Within a slender margin, each company is producing about four million barrels per day of oil and gas, Exxon a bit more, Shell a bit less, but out of its package of investments Exxon delivers about 50 per cent more profit than BP or Shell. Exxon is valued by the stock market at $356 billion (£224 billion), while Shell is worth $169 billion and BP $158 billion.

Why is this so? American investors like success and typically give it greater reward. Yet performance tells. BP and Shell have both suffered very public humiliations over, and delays in, big projects.

BP acquired a reputation for failing to meet its oil output targets and then suffered a series of engineering mishaps at Thunder Horse, a huge oil platform in the Gulf of Mexico, and a deadly explosion at a Texas refinery.

BP’s internal disciplines were found wanting. So, too, was Shell, pilloried over the past decade for cost overruns and delays at big projects, for lax standards and lack of discipline in the boardroom, notably in the scandal over reporting its oil and gas reserves.

Look for the big humiliation at Exxon and you must reach back to 1989, when the Exxon Valdez supertanker ran aground in Alaska while the captain was drunk and in charge.

It may not be too fanciful to imagine that it was that disaster that persuaded ExxonMobil its business was not the romance of drilling wildcat wells but something more humdrum, such as steering a ship on a true course.

Crude oil can be bought cheaply, if you time it right, but selling petrol every day for a good profit is the real challenge. ExxonMobil has a reputation for topping up its tank of reserves with clever takeovers.
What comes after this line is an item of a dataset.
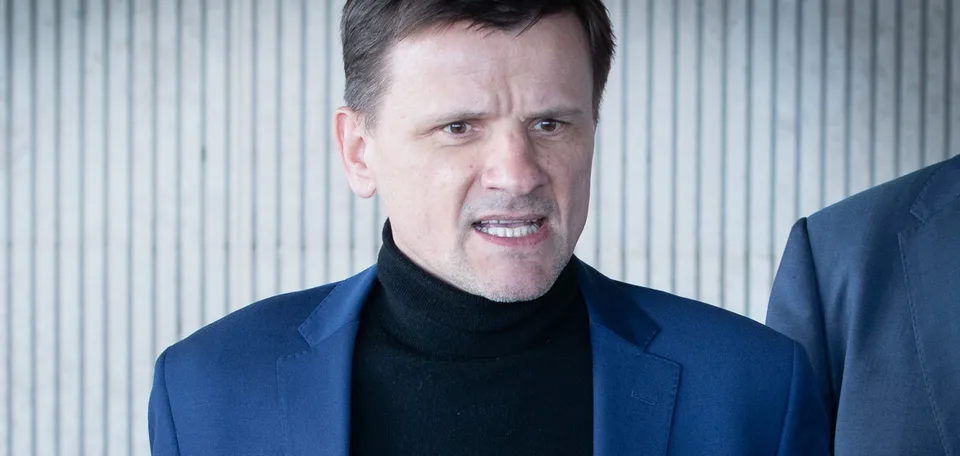 Read more about the article Exšéf KDH Hlina o Borisovi Kollárovi: Už som len čakal, kedy vytiahne ten svoj štetec lásky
BP and Shell suspect that this might be the horrible truth. Mr Voser is said to be fed up with the “chatting clubs” of disputatious senior managers. Mr Hayward wants fewer arguments about strategy.

The executive team at Shell has shrunk. Lines of communication are shorter. The fluffy world of Communications and Corporate Social Responsiblity is relegated. Shell’s upstream business in the Americas becomes a separate unit, reflecting its enhanced importance in a world of fewer opportunities.

More efficiency should lead to more profit and less vulnerability to a predatory raid. No one yet thinks that ExxonMobil is plotting a bid for either BP or Shell, but the American company will soon need to fill its tank and the oil price is currently weak.

All three companies are knocking at the doors of Pashas in the Middle East, Russia and Africa seeking favours. But the easier prize may be at home. In the end, BP and Shell may decide that going it alone is a wasted effort. Together, they could eliminate even more chit-chatting managers.